Task description -
Give the line containing "PRP Triangle Window" again, exactly, along with all later lines of the entries, through the last one.

Dataset records:
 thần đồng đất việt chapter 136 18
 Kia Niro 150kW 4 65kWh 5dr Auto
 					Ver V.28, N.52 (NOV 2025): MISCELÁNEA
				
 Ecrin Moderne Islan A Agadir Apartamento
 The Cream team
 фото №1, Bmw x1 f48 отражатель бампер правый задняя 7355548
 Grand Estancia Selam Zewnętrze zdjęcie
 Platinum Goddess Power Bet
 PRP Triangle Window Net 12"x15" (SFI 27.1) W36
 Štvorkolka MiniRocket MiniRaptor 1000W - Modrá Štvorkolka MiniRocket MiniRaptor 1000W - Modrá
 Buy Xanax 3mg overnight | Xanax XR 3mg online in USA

Exercise response -
 PRP Triangle Window Net 12"x15" (SFI 27.1) W36
 Štvorkolka MiniRocket MiniRaptor 1000W - Modrá Štvorkolka MiniRocket MiniRaptor 1000W - Modrá
 Buy Xanax 3mg overnight | Xanax XR 3mg online in USA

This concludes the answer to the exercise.